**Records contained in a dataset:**
┄┄┄┄┄┄┄┄┄┄

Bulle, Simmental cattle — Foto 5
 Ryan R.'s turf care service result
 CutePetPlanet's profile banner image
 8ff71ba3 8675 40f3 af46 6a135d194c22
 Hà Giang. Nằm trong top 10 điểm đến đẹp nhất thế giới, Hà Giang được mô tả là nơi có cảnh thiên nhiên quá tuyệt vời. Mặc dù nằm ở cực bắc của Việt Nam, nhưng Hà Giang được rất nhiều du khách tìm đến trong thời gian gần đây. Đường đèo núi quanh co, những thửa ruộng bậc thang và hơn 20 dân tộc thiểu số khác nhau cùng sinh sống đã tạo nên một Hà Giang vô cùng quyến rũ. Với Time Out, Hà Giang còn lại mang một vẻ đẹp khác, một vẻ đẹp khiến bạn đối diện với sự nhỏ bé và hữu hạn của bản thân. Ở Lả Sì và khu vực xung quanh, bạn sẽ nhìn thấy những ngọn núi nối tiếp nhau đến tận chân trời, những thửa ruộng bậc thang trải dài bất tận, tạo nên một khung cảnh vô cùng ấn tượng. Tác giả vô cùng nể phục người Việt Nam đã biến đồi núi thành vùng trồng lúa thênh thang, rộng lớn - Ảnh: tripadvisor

┄┄┄┄┄┄┄┄┄┄

**Prompt:** Copy every record exactly, with nothing added or dropped.

**Exercise solution:**
Bulle, Simmental cattle — Foto 5
 Ryan R.'s turf care service result
 CutePetPlanet's profile banner image
 8ff71ba3 8675 40f3 af46 6a135d194c22
 Hà Giang. Nằm trong top 10 điểm đến đẹp nhất thế giới, Hà Giang được mô tả là nơi có cảnh thiên nhiên quá tuyệt vời. Mặc dù nằm ở cực bắc của Việt Nam, nhưng Hà Giang được rất nhiều du khách tìm đến trong thời gian gần đây. Đường đèo núi quanh co, những thửa ruộng bậc thang và hơn 20 dân tộc thiểu số khác nhau cùng sinh sống đã tạo nên một Hà Giang vô cùng quyến rũ. Với Time Out, Hà Giang còn lại mang một vẻ đẹp khác, một vẻ đẹp khiến bạn đối diện với sự nhỏ bé và hữu hạn của bản thân. Ở Lả Sì và khu vực xung quanh, bạn sẽ nhìn thấy những ngọn núi nối tiếp nhau đến tận chân trời, những thửa ruộng bậc thang trải dài bất tận, tạo nên một khung cảnh vô cùng ấn tượng. Tác giả vô cùng nể phục người Việt Nam đã biến đồi núi thành vùng trồng lúa thênh thang, rộng lớn - Ảnh: tripadvisor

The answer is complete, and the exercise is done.